Еще одна причина, по которой обвинения казиев во взяточничестве нельзя воспринимать буквально, состоит в том, что таким образом мы игнорируем значимость многолетней культуры дарения. Подарки (хадиййа
) и подношения (тартик) были знаками уважения, преданности и повиновения в политической[395] и юридической[396] сфере. В главе 1 мы видели, как судья Бака Ходжа резко выступил против обычая туркмен города Керки подносить подарки судьям. Позиция казия, о которой мы узнали со слов его сына, может показаться нам абсолютно логичной. Однако история окончилась тем, что городской хаким посчитал обычай полностью законным. Объявляя ту или иную практику хорошей или плохой, историк рискует стать жертвой собственных моральных убеждений, не имеющих отношения к изучаемым событиям.
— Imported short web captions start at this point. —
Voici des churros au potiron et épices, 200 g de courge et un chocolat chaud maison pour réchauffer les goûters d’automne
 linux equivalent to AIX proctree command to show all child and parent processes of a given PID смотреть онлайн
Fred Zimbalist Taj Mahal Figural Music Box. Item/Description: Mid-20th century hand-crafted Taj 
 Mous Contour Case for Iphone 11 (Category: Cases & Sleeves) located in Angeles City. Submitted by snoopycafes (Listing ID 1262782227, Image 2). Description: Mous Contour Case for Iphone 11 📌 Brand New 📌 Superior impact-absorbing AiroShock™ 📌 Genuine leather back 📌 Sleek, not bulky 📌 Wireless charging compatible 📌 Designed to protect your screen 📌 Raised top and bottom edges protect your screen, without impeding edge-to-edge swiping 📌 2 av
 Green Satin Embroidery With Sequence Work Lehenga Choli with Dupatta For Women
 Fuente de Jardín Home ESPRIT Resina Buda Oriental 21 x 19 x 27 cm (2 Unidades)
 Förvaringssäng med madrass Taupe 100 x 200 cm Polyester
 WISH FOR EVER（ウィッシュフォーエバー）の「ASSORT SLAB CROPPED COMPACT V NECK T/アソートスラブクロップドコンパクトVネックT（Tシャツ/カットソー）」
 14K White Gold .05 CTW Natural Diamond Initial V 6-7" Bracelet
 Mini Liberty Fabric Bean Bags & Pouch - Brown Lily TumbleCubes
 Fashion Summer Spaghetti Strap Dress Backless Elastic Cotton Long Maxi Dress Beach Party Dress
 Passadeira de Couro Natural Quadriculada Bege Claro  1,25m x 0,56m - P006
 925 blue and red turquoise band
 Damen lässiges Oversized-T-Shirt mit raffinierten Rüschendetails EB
То, что некоторым правоведам покажется вполне нормальным, – к примеру, вознаграждение за услуги служителя суда или нотариуса, – для других будет выглядеть как позорная взятка[397]. По всей вероятности, культура дарения пережила завоевание Туркестана и последующую институциональную реорганизацию судебной системы. Следовательно, нам не стоит полагаться на мнение современников той эпохи, что подобные культурные практики являются формами коррупции и аморального поведения. Возможно, эти комментаторы и обладали проницательностью, но не были достаточно чутки к особенностям среднеазиатской культуры. Американский консул в Ташкенте, резко отзывавшийся о коррупции среди казиев[398], несомненно, был склонен к поспешным выводам:Таджиков и узбеков легко отличить друг от друга не только по внешнему виду, но и по характеру. Таджик крупнее и полнее, носит большую черную бороду, а вид имеет ушлый и хитрый. Он ненадежен, лжив, ленив, труслив, хвастлив и морально ущербен во всех смыслах[399]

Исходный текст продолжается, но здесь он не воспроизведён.